PSync and Disel explicitly separate the protocol specification from its implementation, whereby the specification is used to formally verify the implementation. Protocol specifications in PSync consist of protocol properties, as well as safety and liveness predicates (assumptions). In order to aid automated verification in PSync, the specification should also include round and/or phase invariants; round transition relations are automatically derived from the code, although this imposes certain limitations on the code. In Disel, high-level abstract protocol specifications are defined in terms of state-space coherence predicates and send/receive transitions.

The configuration of protocol components within nodes and their internal structure can be more static or dynamic. For example, in Babel, protocol components and various components' callbacks are registered within the runtime dynamically. The configuration of top-level components in Mir is rather static, for it cannot be changed after initialization, but there is a special component, called factory module, that supports creating sub-components dynamically. Such flexibility at runtime can make formal verification particularly hard, so the frameworks focused on formal verification (PSync, Disel, and Verdi) tend to be rather static with respect to the configuration and internal structure of protocol components.

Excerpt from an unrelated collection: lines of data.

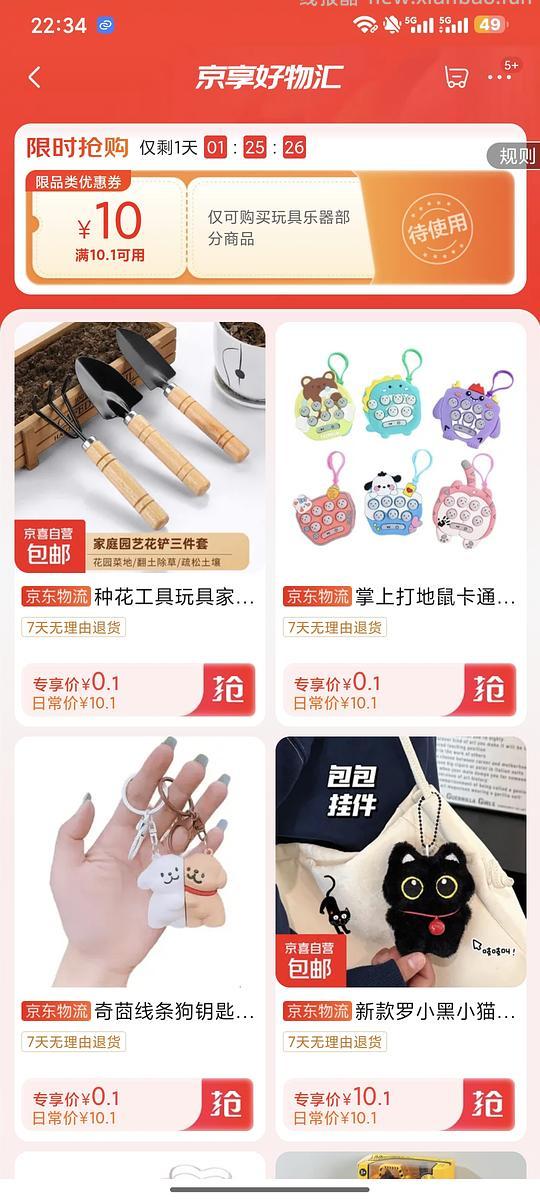 jd 0.1r袜子零食水果 - 线报酷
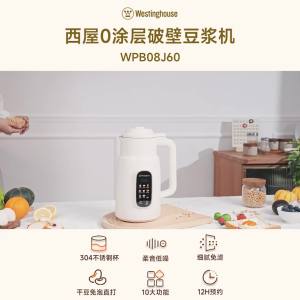 Portable Blender Machine Fruit Juicer Blender And Grinder Juice Blender And Grinder Low Noise Reduction with Multiple Functions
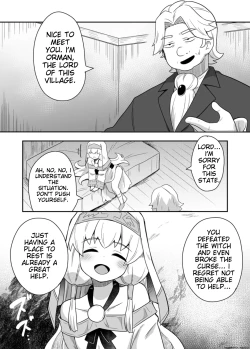 Page 10 of Seijo no Naisho no Ichikagetsu 3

Overall, the abstract model adopted by a framework, e.g. the model of a generic state transition system with message-passing or the Heard-Of model based on communication-closed rounds, largely determines how protocol specifications and implementations are structured within the framework. The framework's features like formal verification can add further restrictions, e.g. restricting runtime flexibility of the configuration and internal structure of protocol components.

Notation

All of the explored frameworks use the general-purpose programming language they are based on as the primary means for expressing protocol implementations. To enhance ergonomics and expressiveness, most of the frameworks introduce some notational extensions, e.g. elements of an embedded domain-specific language (eDSL).

Using a regular general-purpose programming language as the basis allows tapping directly into the comprehensive features of the language, such as the type system, polymorphism, inheritance, and metaprogramming. On the other hand, implementing protocol components in regular code can produce some undesirable effects such as nondeterminism, e.g. when iterating over built-in unordered data structures, which is problematic for reproducible simulation-based testing. For that reason, Mir provides some utility functions that should be used in place of usual idiomatic code to avoid that kind of nondeterminism. Rich expressiveness of general-purpose languages can also make automatic verification difficult, e.g. PSync is quite limited in what kind of Scala constructs it supports in automatic derivation of transition relations from the code.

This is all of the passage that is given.